El tijeretazo presupuestario es preocupante y este año se redujo con mucho más fuerza que en los años anteriores, algo que preocupa a los técnicos que llevan los números del Ministerio.
En 2008, el primer año de gestión de Maricio Macri, la cantidad de recursos para pavimentar significaba $ 304 millones, en $ 2009 se sintió el primer cimbronazo cuando se recortó hasta los $ 220 millones. Pero el golpe más fuerte llegó este año, con menos de un tercio de lo que se presupuestó para el primer año del PRO en la gestión, con apenas $ 91 millones.

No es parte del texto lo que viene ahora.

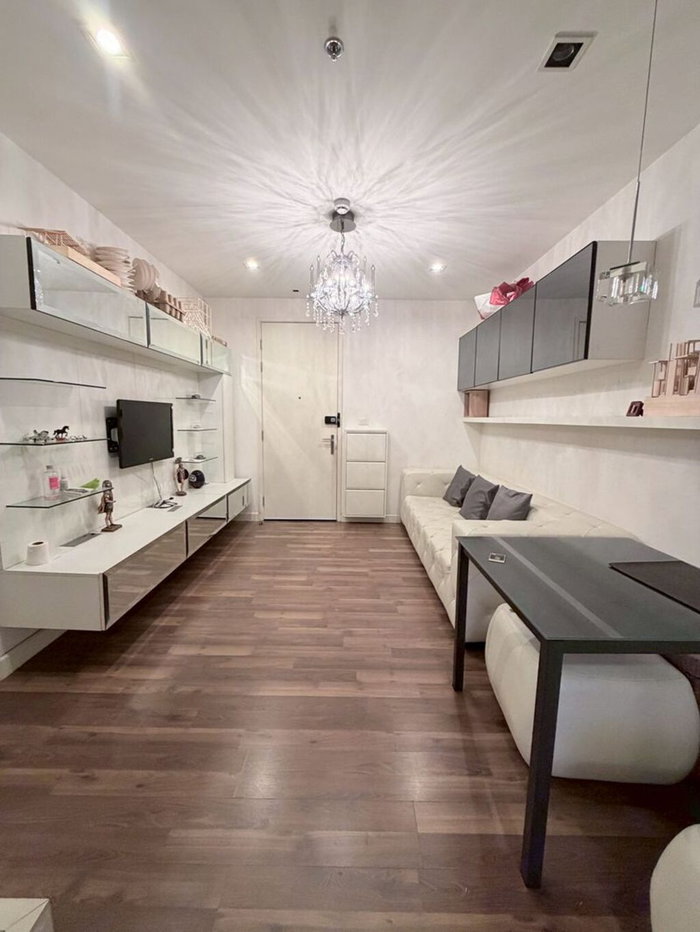 รูป ให้เช่า เดอะรูม สาทร-ตากสิน เลขที่ 99/1 (ห้ามเลี้ยงสัตว์) - รูปที่ 5/18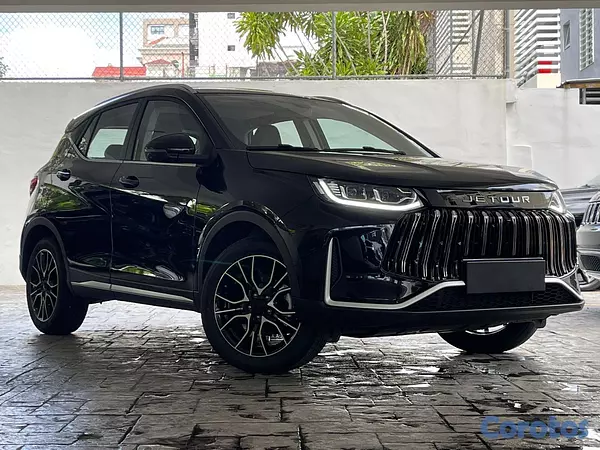 jeepetas y camionetas - Jetour X50 2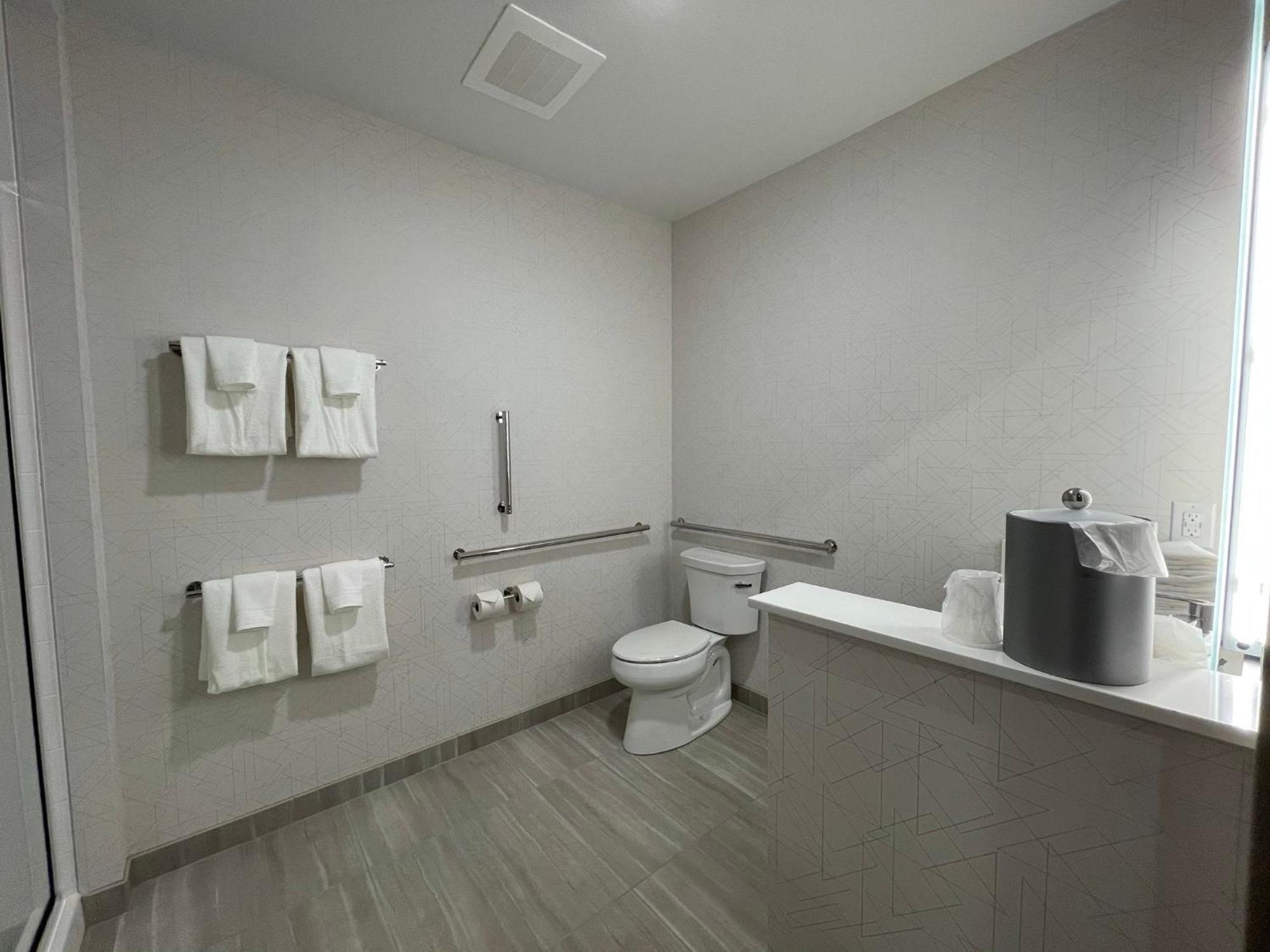 Holiday Inn Express & Suites - Ft. Smith - Airport By Ihg Fort Smith Luaran gambar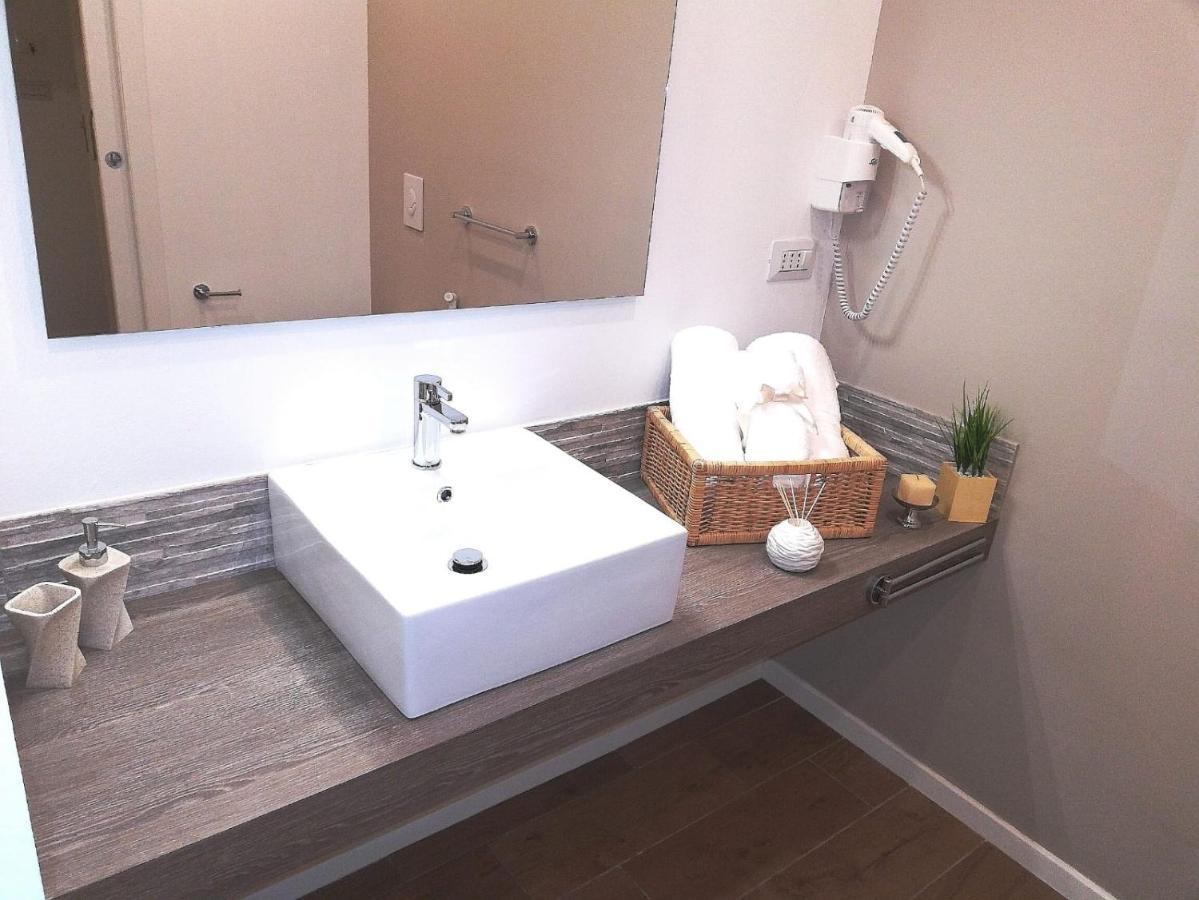 B&B Suites Via Del Mare Presicce Kültér fotó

En un esquema de emergencia, los arquitectos financieros del Gobierno debieron tejer un plan para conseguir más fondos para tapar baches, el maquillaje urbano que más beneficia la imagen del jefe de Gobierno y que más gratifica a los vecinos.
La idea es tapar unos 2.500 baches para fin de año, que significaría la mitad de los 5 mil pozos diseminados por las calles de la Comuna.
Para eso se necesitan entre $ 120 y $ 200 millones que deberían ser reasignados presupuestariamente y aprobados por la Legislatura. Por lo que el Gobierno deberá postergar o subejecutar alguna otra partida destinada a obra pública.
Consultados al respecto, voceros del Ministerio de Desarrollo Urbano juraron que no estaban al tanto de tema.
Hace unos días –en un interesante ardid de marketing político– el Gobierno porteño anunció que se arreglará el pavimento de siete avenidas “importantes” como Rivadavia, Libertador, Juan B. Justo y Figueroa Alcorta. Olvidaron mencionar cuál será el triste destino del resto de los baches de la Ciudad.